Introduction
The interviewer says: "Design a distributed job scheduler."
You think, "A cron job on a server." Then they follow up: "How do you handle 10 million scheduled tasks? What happens when the scheduler crashes? How do you prevent the same job from running twice?"
And now you realize this isn't about cron syntax. It's about coordination, fault tolerance, and scale. A job scheduler combines leader election, message queues, and careful database design into one of the most challenging system design problems.
Here's how to design a job scheduler that's reliable at scale.
Functional Requirements
1. Schedule jobs (one-time and recurring)
- Users submit jobs to run once at a specific time ("Run at 5 PM tomorrow")
- Users submit recurring jobs using cron expressions ("Run every Monday at 9 AM")
- The system computes and stores
next_run_timefor efficient querying - For more on cron scheduling patterns, see Cron Architecture
2. Job execution and isolation
- The scheduler triggers execution but does not run job logic directly
- Workers execute jobs in isolation (containers, Lambda functions, HTTP callbacks)

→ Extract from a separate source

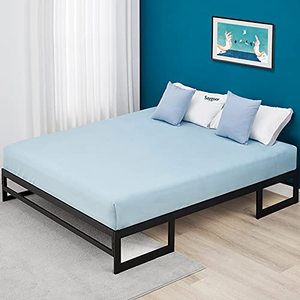lot 35608 image: SAYGOER Metal Platform Bed Frames Heavy Duty Steel Slat Support Mattress Foundation No Box Spring Needed Non-Slip Noise Free Bed Base Easy Assembly, Queen Size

- A crashing job must not affect the scheduler or other jobs
- Workers report success or failure back to the system
3. Status tracking
- Users can query the current status of any job: Scheduled, Queued, Running, Completed, Failed
- Execution history is stored for debugging and auditing
- Failed jobs include error details and retry count
That's the core. A job scheduler answers: "What needs to run?", "When does it run?", and "Did it actually run?"
Non-Functional Requirements
At-least-once delivery
- Jobs must never be silently dropped. Missing a scheduled job is worse than running it twice
- If a worker crashes mid-execution, the job must be retried
- Users are responsible for making their job logic idempotent
- Exactly-once delivery is impractical in distributed systems. At-least-once with idempotent consumers is the standard pattern. See Message Queues for details
High throughput and precision
- Support millions of scheduled jobs
- Execute jobs within seconds of their scheduled time (not minutes)
- Scanning all jobs every second is not feasible at scale. Need efficient indexing by
next_run_time - Partition or bucket jobs by time window to distribute the polling load
Availability
- No single point of failure. If the scheduler crashes, a standby takes over
- Leader election ensures exactly one scheduler polls at a time, with automatic failover
- Workers are stateless and horizontally scalable
API Design
Submit a job
POST /api/v1/jobs
Request Body (one-time):
{
"name": "send-report",
"type": "http",
"schedule": "2026-03-01T09:00:00Z",
"payload": {
"url": "https://api.example.com/generate-report",
"method": "POST",
"body": { "reportId": "abc-123" }
},
"retryPolicy": {
"maxRetries": 3,
"backoffMs": 5000
}
}
Request Body (recurring):
{
"name": "nightly-cleanup",
"type": "http",
"schedule": "0 2 * * *",
"payload": {
"url": "https://api.example.com/cleanup",
"method": "POST"
}
}
Response:
{
"jobId": "job-7f3a",
"status": "SCHEDULED",
"nextRunTime": "2026-03-01T09:00:00Z"
}
Status: 201 Created
The schedule field accepts either an ISO timestamp (one-time) or a cron expression (recurring). The API validates the format and computes next_run_time.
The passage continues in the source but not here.